Paul Amedume

Personal information
- Full name: Paul Bello Amedume
- Date of birth: February 28, 2003 (age 23)
- Place of birth: Toronto, Ontario, Canada
- Height: 1.85 m (6 ft 1 in)
- Position(s): Midfielder; defender;

Team information
- Current team: BTB SC

Youth career
- Edmonton Internazionale SC
- St. Nicholas Soccer Academy
- BTB SC
- 2017–2018: Vancouver Whitecaps
- 2019–2020: FC Edmonton

Senior career*
- Years: Team / Apps / (Gls)
- 2021–2024: Pacific FC / 24 / (0)
- 2022: → North Texas SC (loan) / 19 / (1)
- 2023: → Nautsa’mawt FC (loan) / 1 / (0)
- 2025–: Edmonton BTB SC / 4 / (0)

= Paul Amedume =

Canadian soccer player

Paul Bello Amedume (born February 28, 2003) is a Canadian soccer player who plays as a defender for Edmonton BTB SC in League1 Alberta.

==Early life==
Amedume began playing youth soccer with Edmonton Internazionale SC, followed by the St.
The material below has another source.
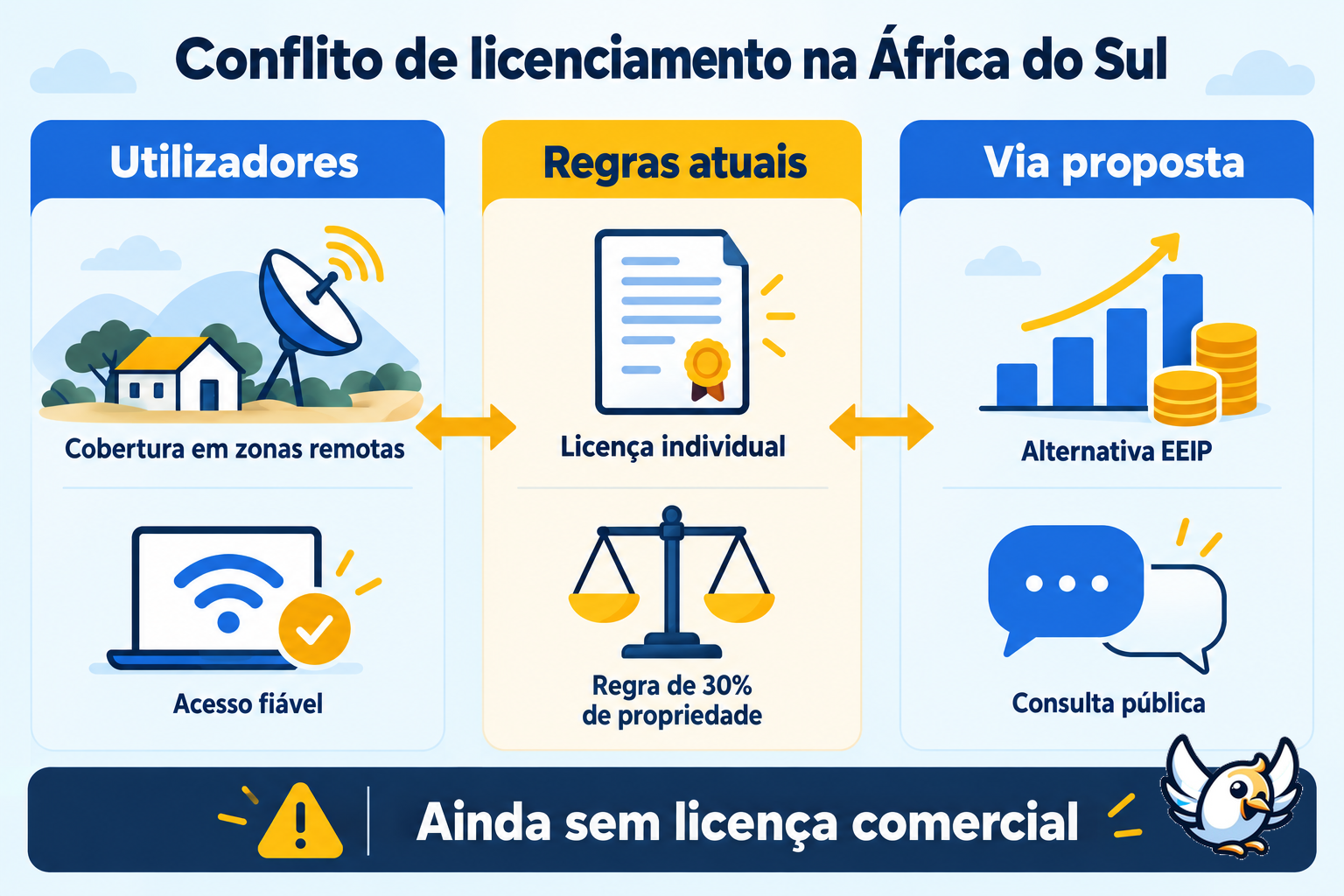 Explicação do conflito sobre o licenciamento da internet por satélite na África do Sul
Nicholas Soccer Academy. He began training with the BTB Academy in 2013. In August 2017, he joined the Vancouver Whitecaps Residency Program. In 2019, he played with the FC Edmonton U20 in the Alberta Major Soccer League.

==Club career==
Amedume began training with Pacific FC of the Canadian Premier League in October 2021, eventually signing a developmental contract with the club on October 26. He made his debut on the same day, in a substitute appearance against FC Edmonton.

On February 28, 2022, Amedume was loaned to FC Dallas reserve team North Texas SC with an option to buy, rejoining recently departed Pacific manager Pah-Modou Kah. He scored his first goal on May 8 against the Tacoma Defiance.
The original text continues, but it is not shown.